To do:
Copy exactly and only the lines running from the one that contains "So here's how" to the final line of the data below, without the pictures.

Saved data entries
▬▬▬▬▬▬

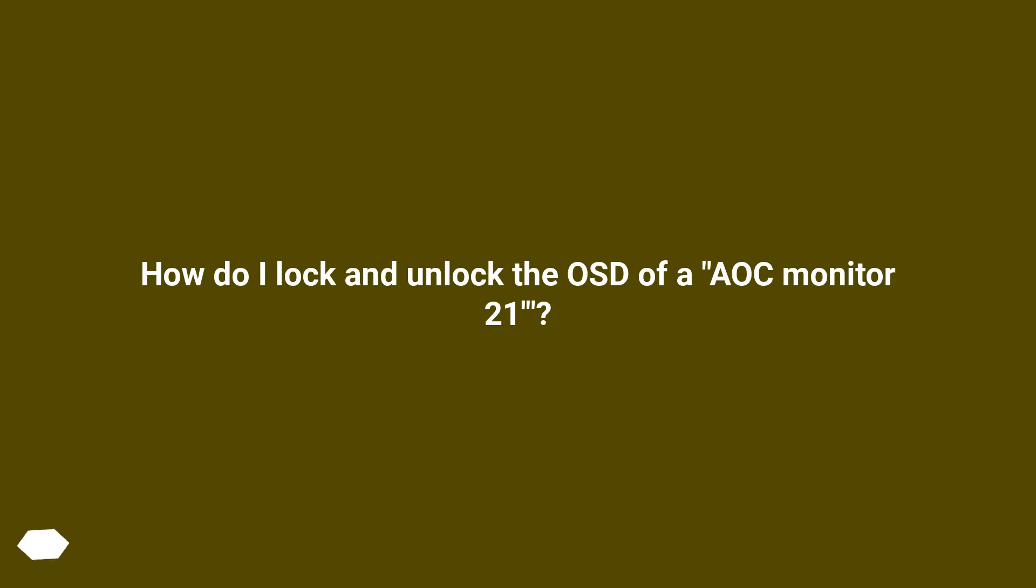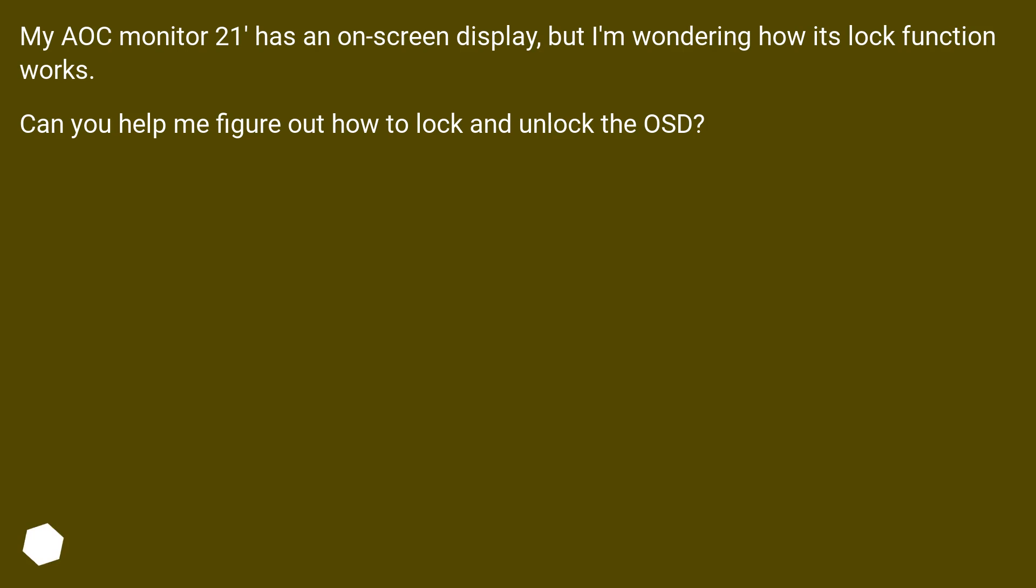How do I lock and unlock the OSD of an AOC Monitor 21? My AOC Monitor 21 has an on-screen display, but I'm wondering how its lock function works. Can you help me figure out how to lock and unlock the OSD?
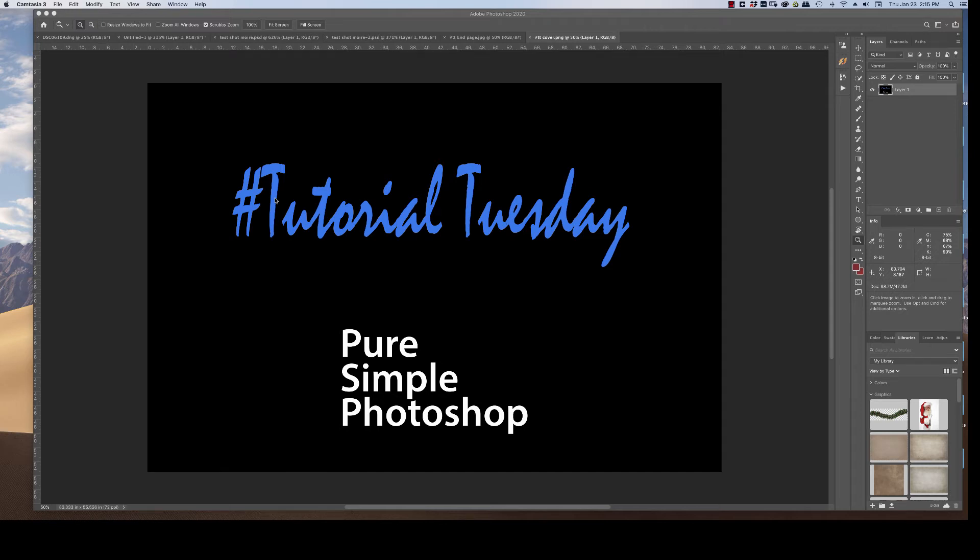Hi, Cindy here from Pure Simple Photoshop. Today we're going to talk about a problem that happens with cameras.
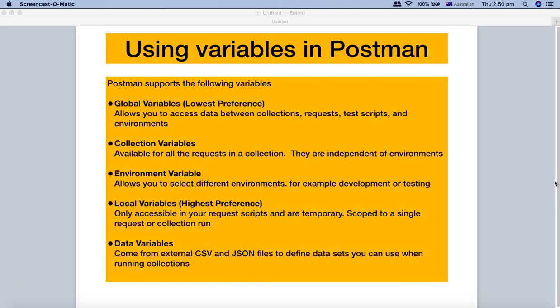Hello and welcome to this Postman tutorial. In this tutorial, we are going to understand the variables in Postman and what all variables are available in Postman.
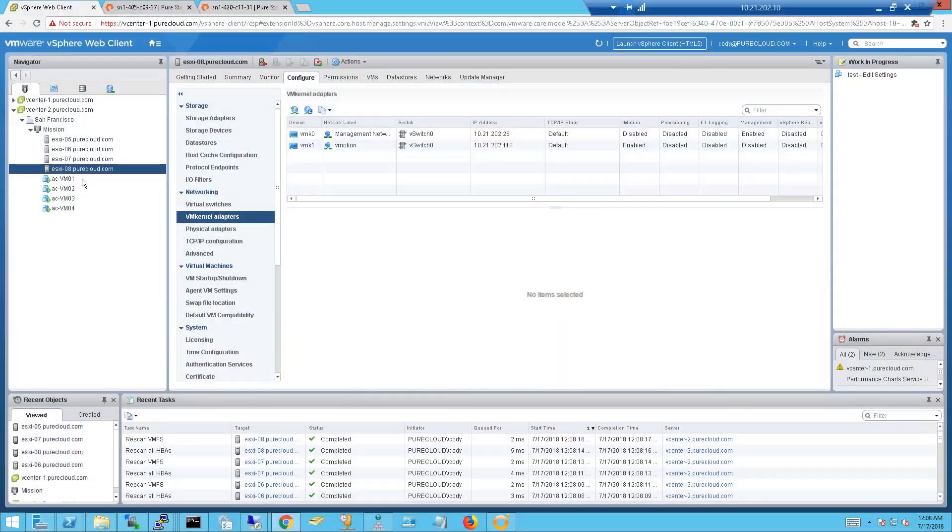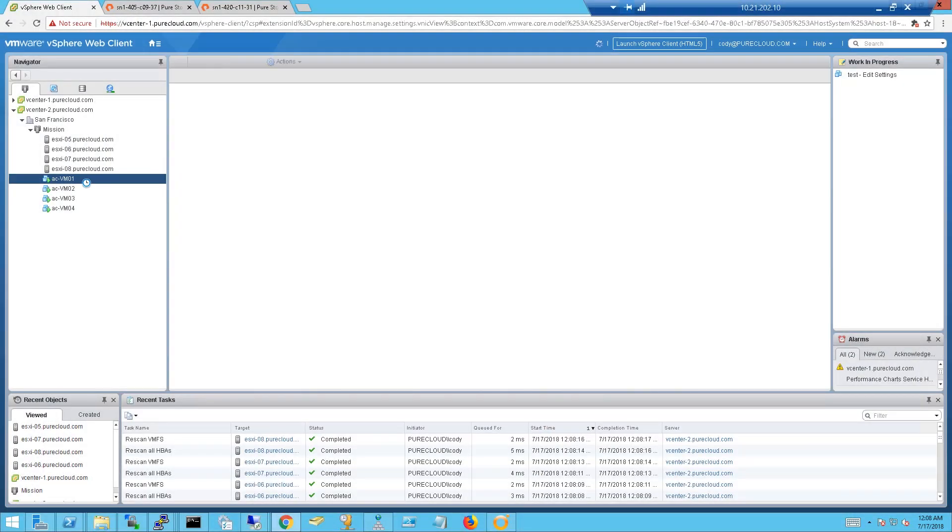So site one hosts connect to FlashArray one, and site two hosts are connected only to the FlashArray at that second site. When one of the arrays fails, vSphere HA will see that — these hosts can see the storage on the other array at the other site, so it will restart the VMs there. Let's go through the demo and take a look at the non-uniform use case first.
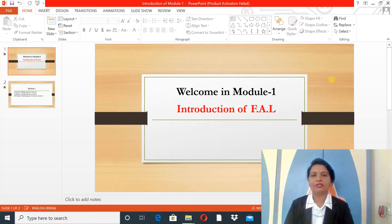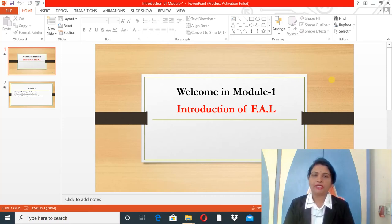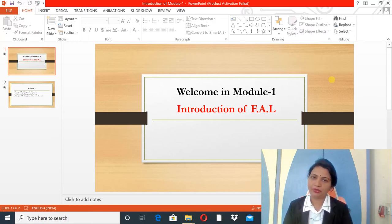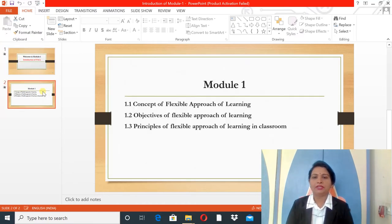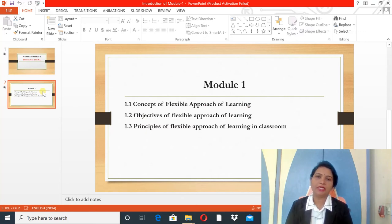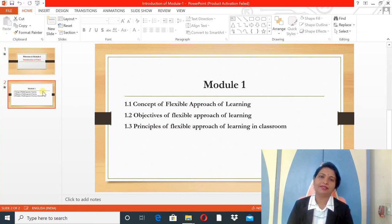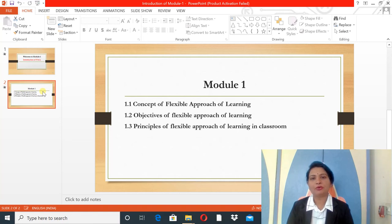Welcome to the module: Introduction of Flexible Approach of Learning. In this module, you will learn about the concept of Flexible Approach of Learning, the objectives of Flexible Approach of Learning, and the principles of Flexible Approach of Learning.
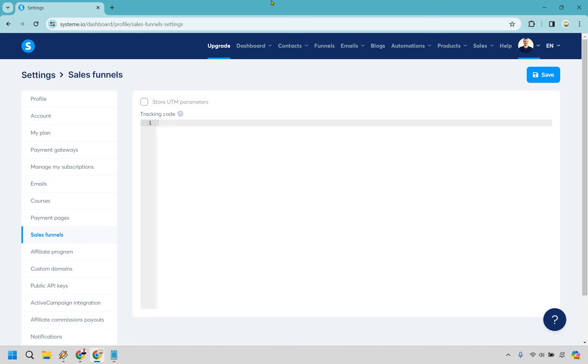So here's how to add the Facebook pixel to System.io. It's very easy to do and if you'd like to follow along I will leave my link down below so you can either test out System for free or use that for easier login access.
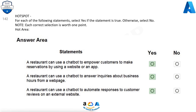A restaurant can use a chatbot to answer inquiries about business hours from a web page. Yes. A restaurant can use a chatbot to automate responses to customer reviews on an external website. Yes.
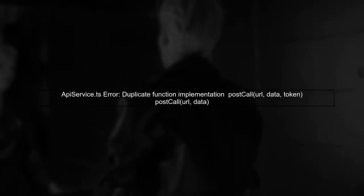Let's take a look at your API service. You attempted to define two methods with the same name, which leads to a duplicate function implementation error.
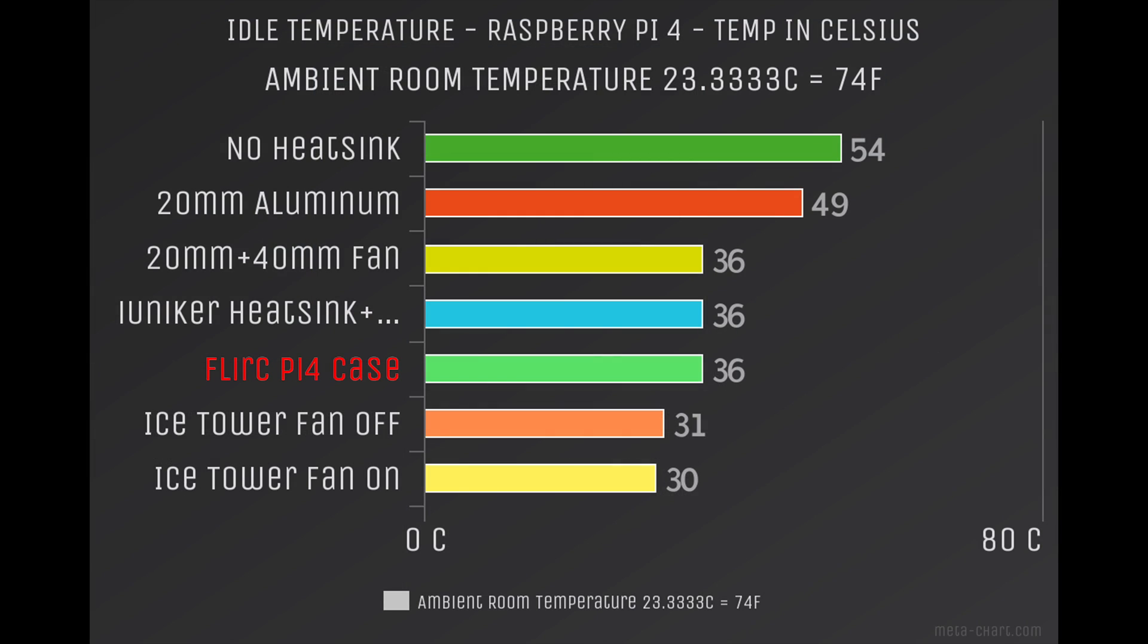So I'm finished with my testing. Here we have the idle temperature. My ambient room temperature is 23.333 degrees Celsius or 74 degrees Fahrenheit. Keep in mind that all of the temperature readings are in Celsius. With no heatsink, idle was 54 degrees Celsius. The 20 millimeter aluminum heatsink, 49 degrees Celsius.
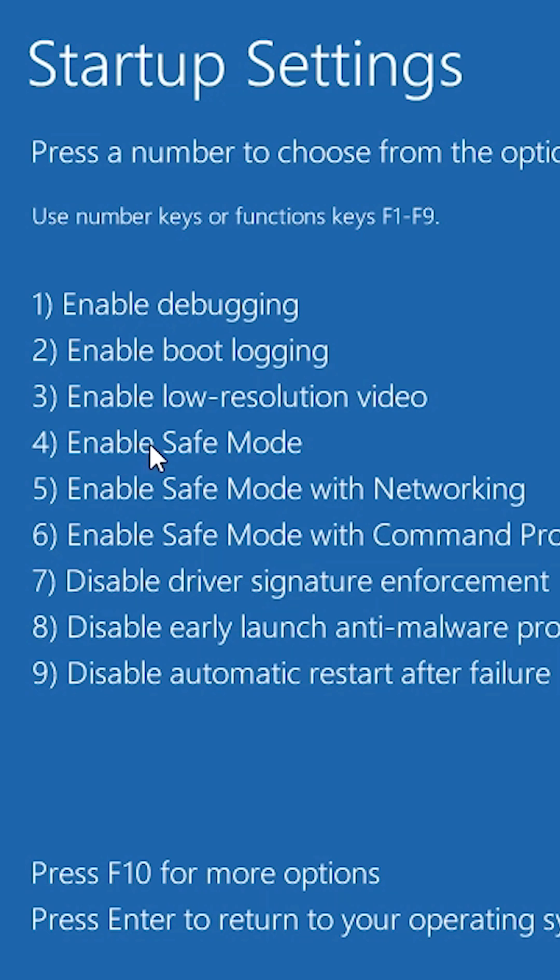These four options are for safe mode: Enable Safe Mode (F4), Enable Safe Mode with Network (F5), and Safe Mode with Command Prompt (F6).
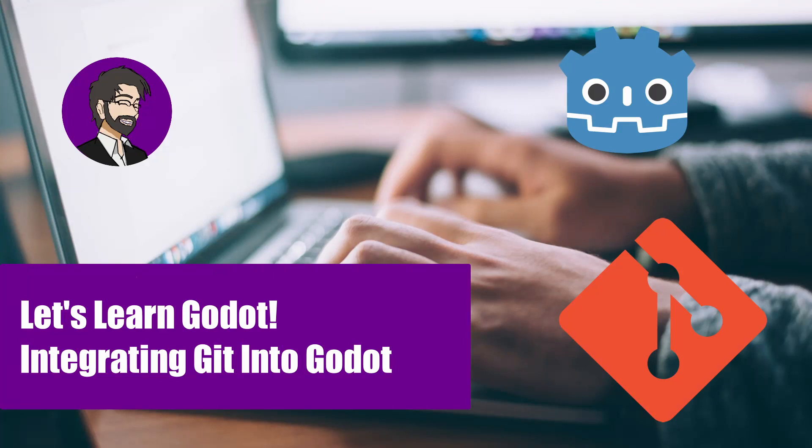Hey guys, this is Mitch with FinePointCGI and today we're going to talk about how to integrate Git into Godot.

▬▬▬▬▬▬

Final answer:
So here's how to add the Facebook pixel to System.io. It's very easy to do and if you'd like to follow along I will leave my link down below so you can either test out System for free or use that for easier login access.
A restaurant can use a chatbot to answer inquiries about business hours from a web page. Yes. A restaurant can use a chatbot to automate responses to customer reviews on an external website. Yes.
Let's take a look at your API service. You attempted to define two methods with the same name, which leads to a duplicate function implementation error.
So I'm finished with my testing. Here we have the idle temperature. My ambient room temperature is 23.333 degrees Celsius or 74 degrees Fahrenheit. Keep in mind that all of the temperature readings are in Celsius. With no heatsink, idle was 54 degrees Celsius. The 20 millimeter aluminum heatsink, 49 degrees Celsius.
These four options are for safe mode: Enable Safe Mode (F4), Enable Safe Mode with Network (F5), and Safe Mode with Command Prompt (F6).
Hey guys, this is Mitch with FinePointCGI and today we're going to talk about how to integrate Git into Godot.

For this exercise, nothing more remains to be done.